**TASK GOAL:** Give back exactly the lines from the one holding "Білий Тойота Камрі, об'ємом" to the bottom of the material, both included, and nothing more. No pictures.
○ ○ ○ ○
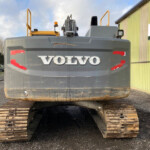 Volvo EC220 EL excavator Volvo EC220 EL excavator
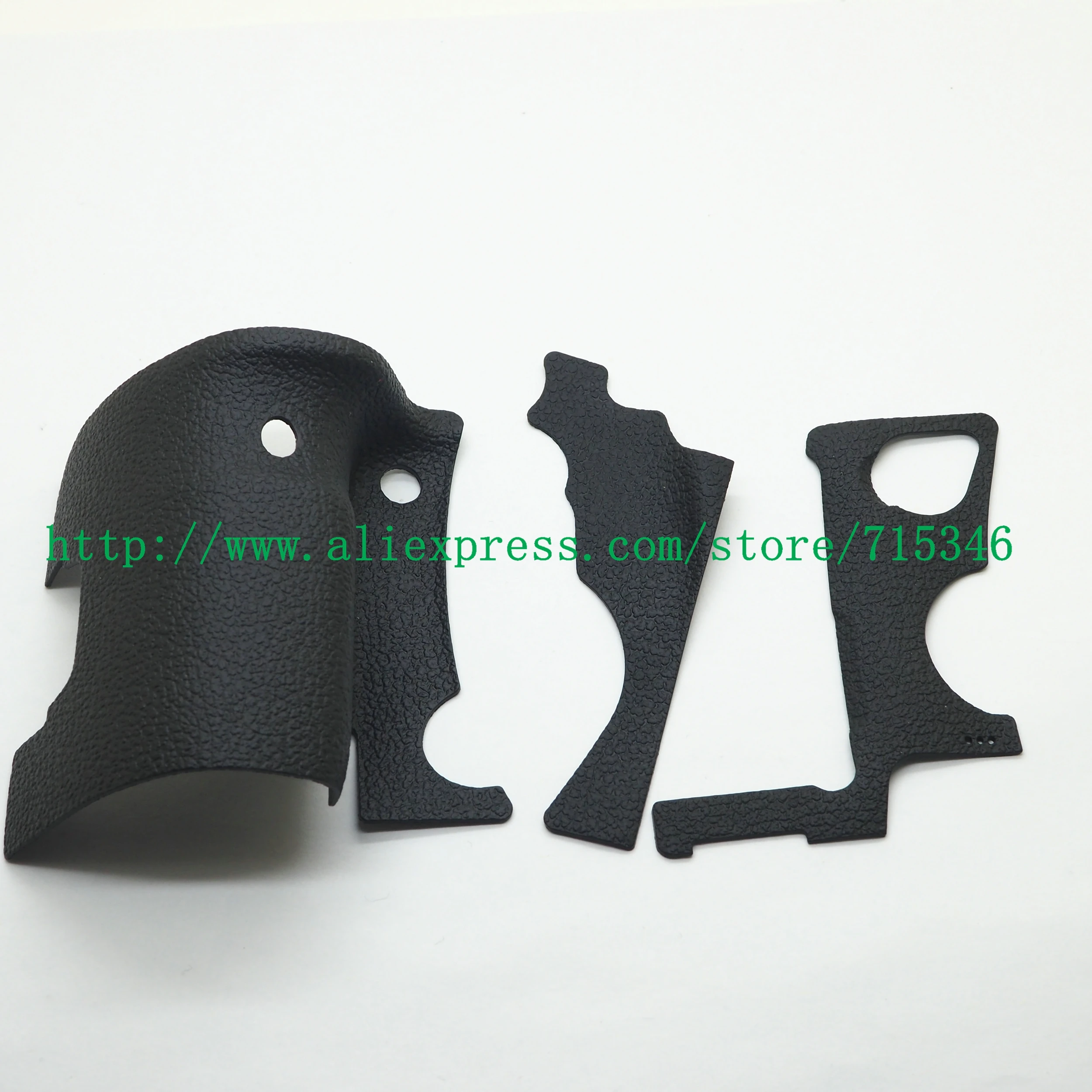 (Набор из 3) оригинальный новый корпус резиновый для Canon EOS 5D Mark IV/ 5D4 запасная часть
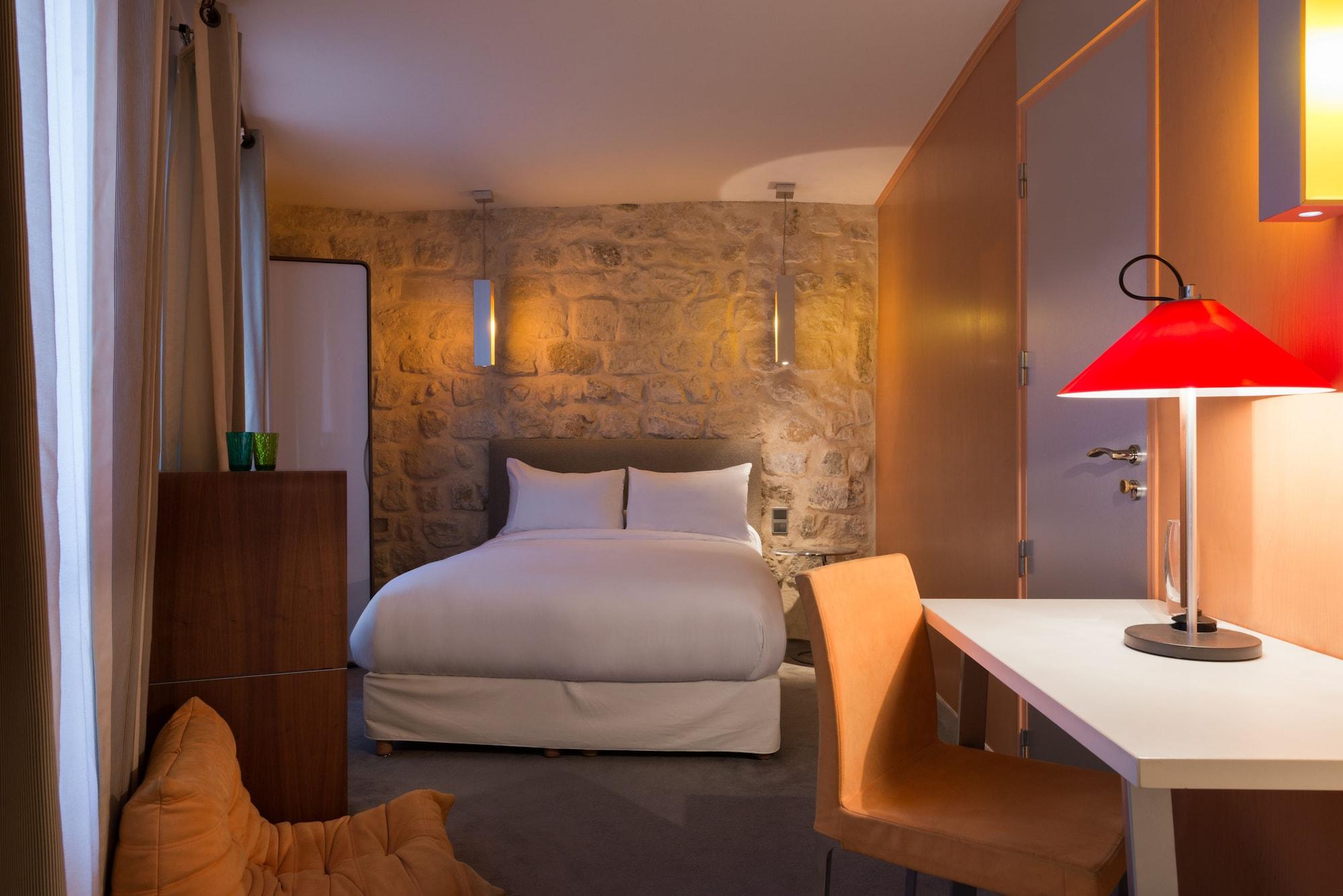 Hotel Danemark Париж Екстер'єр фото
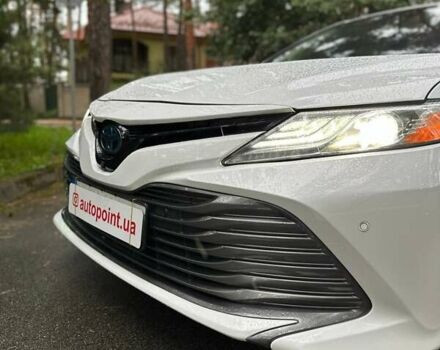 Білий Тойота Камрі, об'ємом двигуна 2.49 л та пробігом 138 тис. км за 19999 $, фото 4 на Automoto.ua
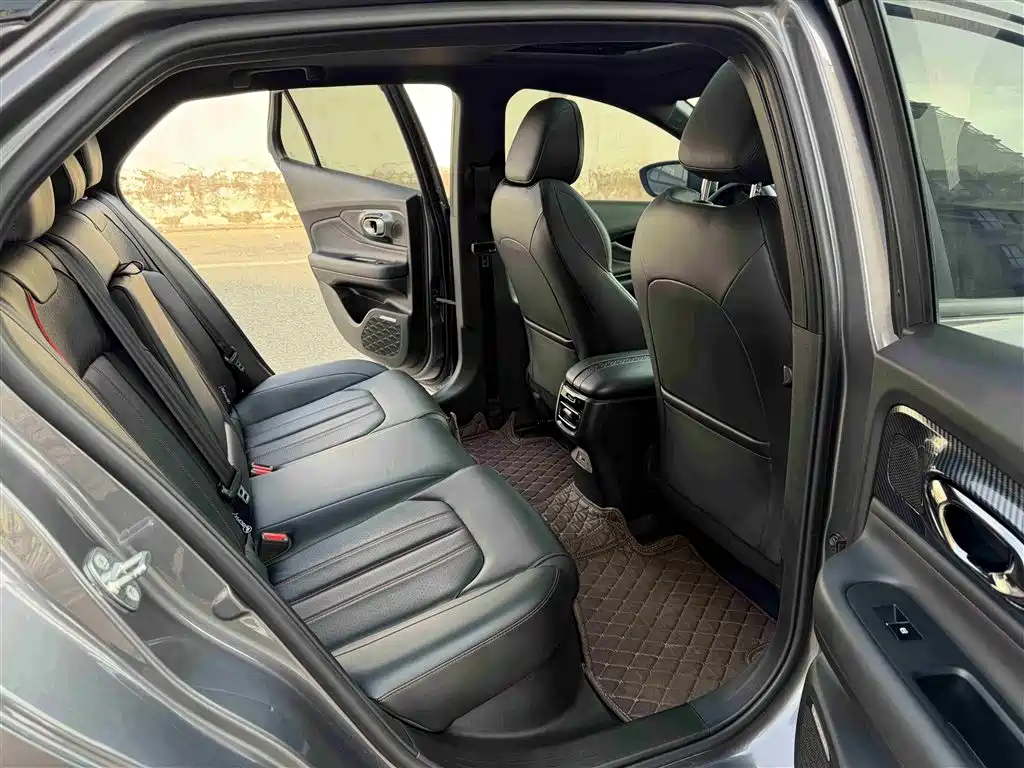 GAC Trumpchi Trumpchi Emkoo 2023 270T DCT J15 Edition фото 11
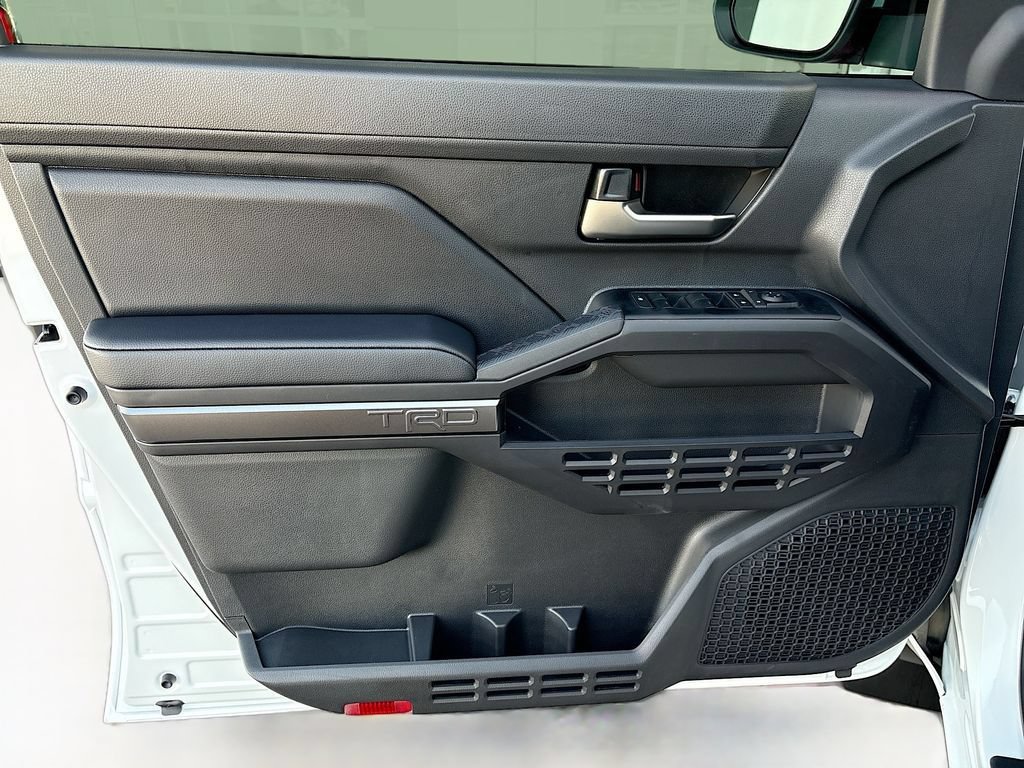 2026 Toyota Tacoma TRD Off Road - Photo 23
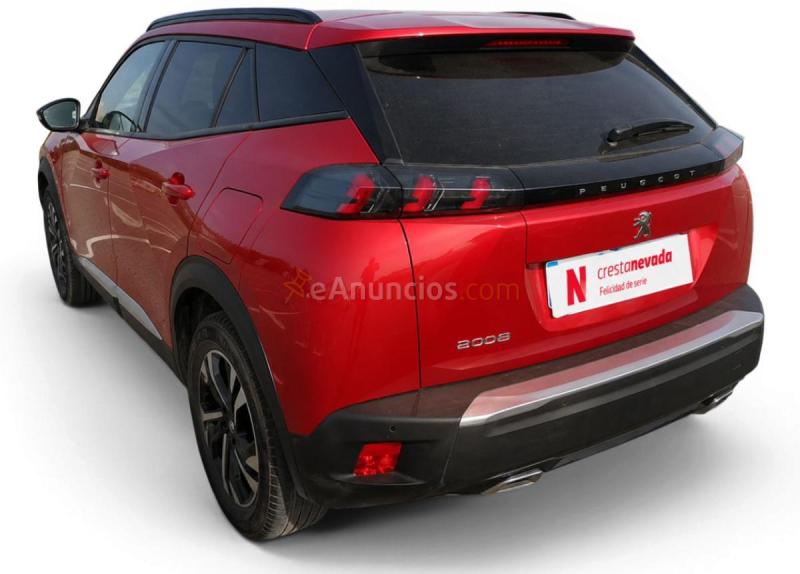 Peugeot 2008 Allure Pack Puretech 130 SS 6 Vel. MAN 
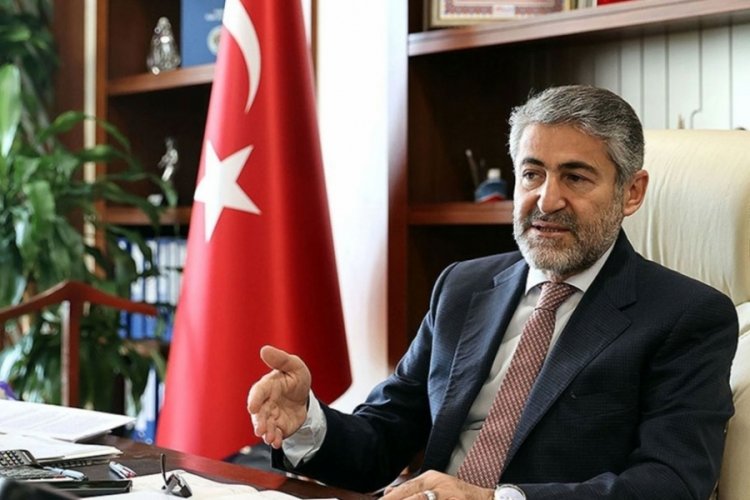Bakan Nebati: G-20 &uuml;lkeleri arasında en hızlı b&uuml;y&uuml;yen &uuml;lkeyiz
○ ○ ○ ○
**EXERCISE RESULT:**
 Білий Тойота Камрі, об'ємом двигуна 2.49 л та пробігом 138 тис. км за 19999 $, фото 4 на Automoto.ua
 GAC Trumpchi Trumpchi Emkoo 2023 270T DCT J15 Edition фото 11
 2026 Toyota Tacoma TRD Off Road - Photo 23
 Peugeot 2008 Allure Pack Puretech 130 SS 6 Vel. MAN 
Bakan Nebati: G-20 &uuml;lkeleri arasında en hızlı b&uuml;y&uuml;yen &uuml;lkeyiz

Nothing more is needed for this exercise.